HOW TO COMPLETE THIS TASK: Beneath this instruction is a block of data; output from it exactly the lines that run from the one containing "Acer Japanse Esdoorn" through the one containing "بولر • شغالة • مراوس", inclusive.
Start of DATA TO EXAMINE
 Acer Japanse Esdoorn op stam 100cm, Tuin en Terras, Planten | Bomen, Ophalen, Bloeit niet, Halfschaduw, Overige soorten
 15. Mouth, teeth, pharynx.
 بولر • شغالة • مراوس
End of DATA TO EXAMINE
Start of DATA TO EXAMINE
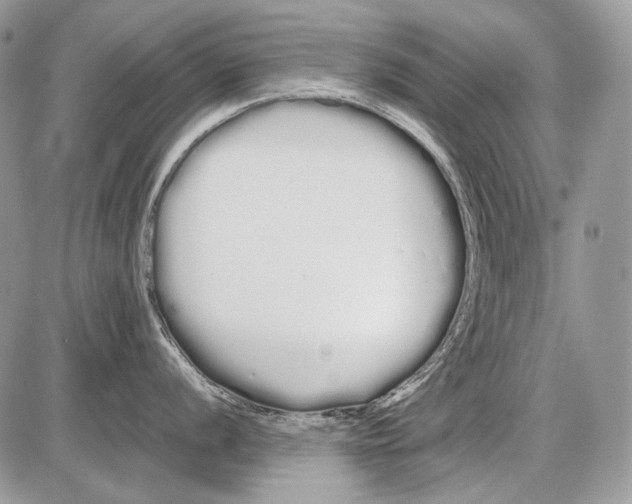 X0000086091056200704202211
End of DATA TO EXAMINE
COMPLETED TASK:
 Acer Japanse Esdoorn op stam 100cm, Tuin en Terras, Planten | Bomen, Ophalen, Bloeit niet, Halfschaduw, Overige soorten
 15. Mouth, teeth, pharynx.
 بولر • شغالة • مراوس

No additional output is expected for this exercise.